U.S. Reps. Tammy Baldwin and Paul Ryan offered differing views on whether carbon cap-and-trade legislation would pass Congress this year at Monday's 3rd annual Focus on Midwest Energy summit.
Baldwin, D-Madison, said she believes Senate Majority Leader Harry Reid remains committed to passing the bill and that an unusual working group of Massachusetts Dem John Kerry, South Carolina Republican Lindsay Graham and Connecticut independent Joe Lieberman are working on a new version of the legislation that passed the House last year.
"Perhaps a fresh approach is just what the doctor ordered," Baldwin said. She expressed hope that the eventual Senate legislation would take Wisconsin and other coal-dependent states into greater account that the House version.
"Transforming to a new energy economy will not be easy for our state," Baldwin acknowledged. "But I have no doubt that Wisconsin will meet the challenge."

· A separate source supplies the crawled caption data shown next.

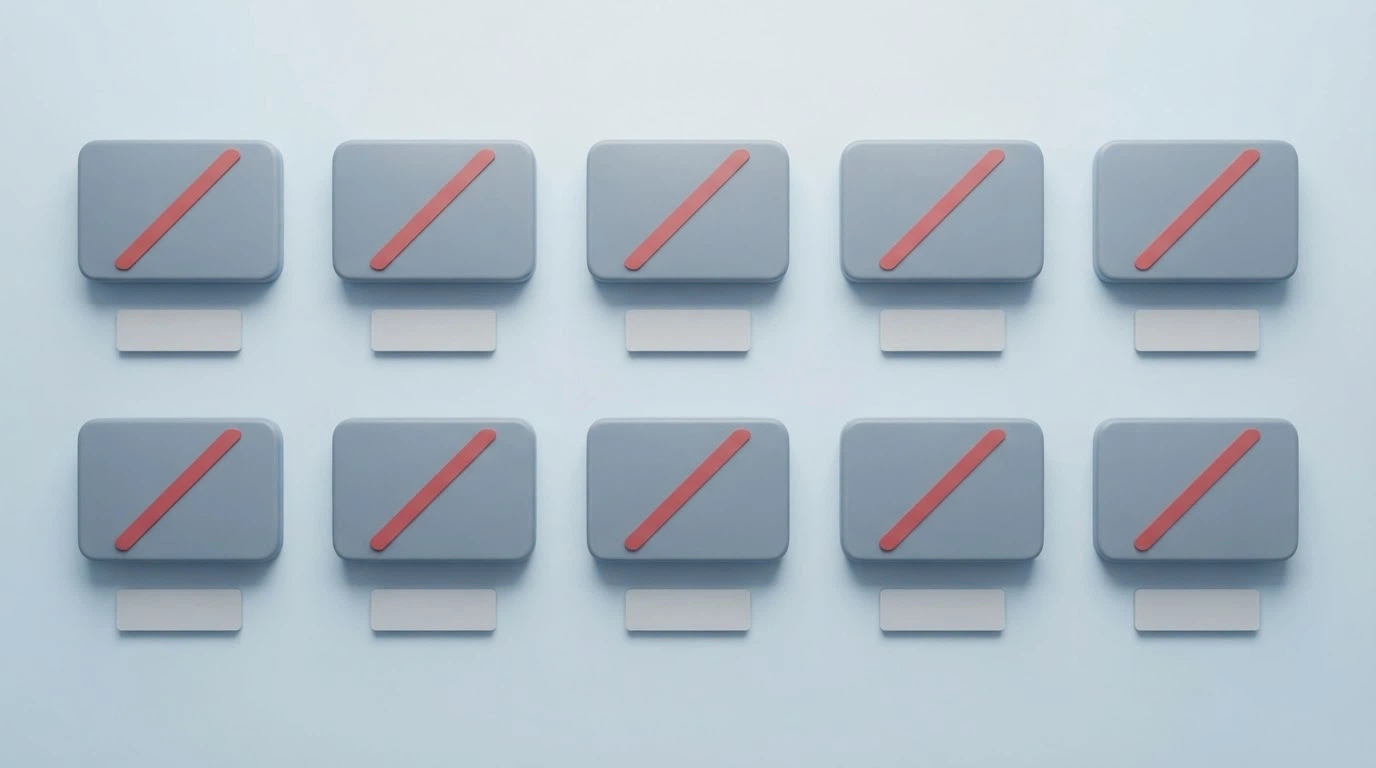 A comparison grid showing casino names against status markers — all marked as offshore and unlicensed in Australia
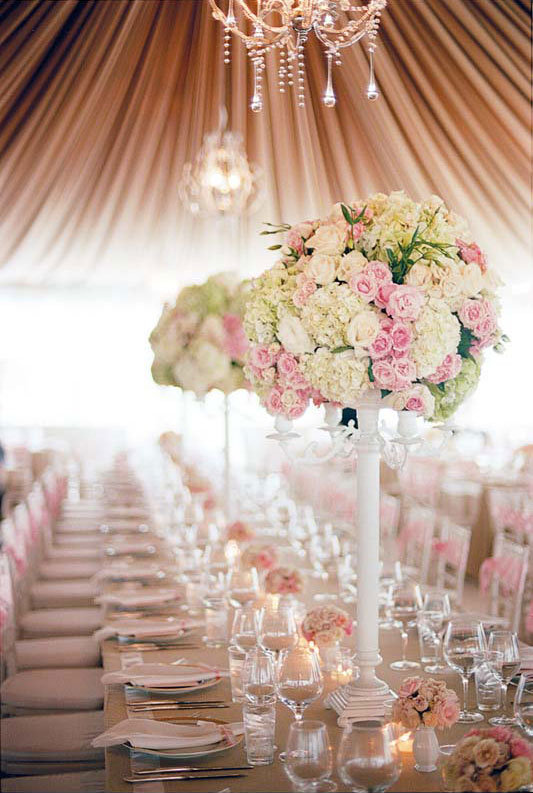 pretty wedding centerpieces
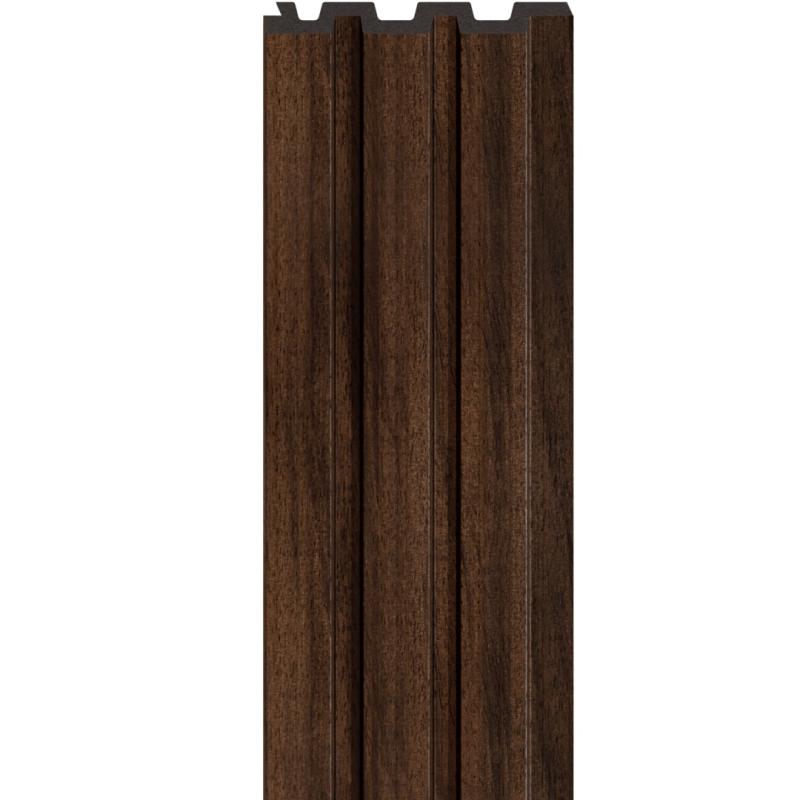 Lamelové akustické obkladové panely LINERIO WOOD M-LINE Chocolate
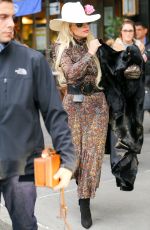 LADY GAGA Out in Thanksgiving Day in New York 11/24/2016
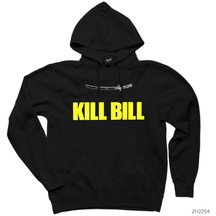 Kill Bill Siyah Kapşonlu Sweatshirt Hoodie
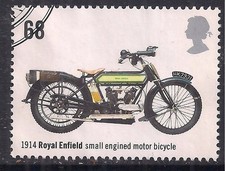 GB 2005 QE2 68p Motorcycles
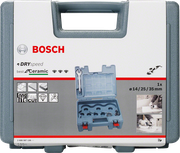 Bosch 3-delers DrySpeed ​​diamantskjærersett for keramikk.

Although she remains hopeful about the federal energy bill, she expressed frustration about the pace of the Senate with regard to a host of issues already passed by the House -- from health care to education to jobs bills. Although she noted that Wisconsin's senators are not part of that problem, Baldwin said she is "very frustrated."
"What matters most right now is that we keep at it and we get the job done," Baldwin said.
Ryan later said cap-and-trade is dead for this session and likely next session, too.
Ryan declared the bill the House approved won't make it through the Senate because Dems don't have a filibuster-proof majority any more. Even if Dems retain the majority for the next session, their majority will be smaller and they won't be able to break a filibuster next year, either.
Ryan said in the meantime, Congress should open up ANWAR, oil fields off the nation's coast and natural gas fields "right under our feet" to help move the country toward energy independence. The proceeds from those leases could then be used to help develop clean energy sources, said Ryan, also advocating more nuclear power be part of the nation's mix.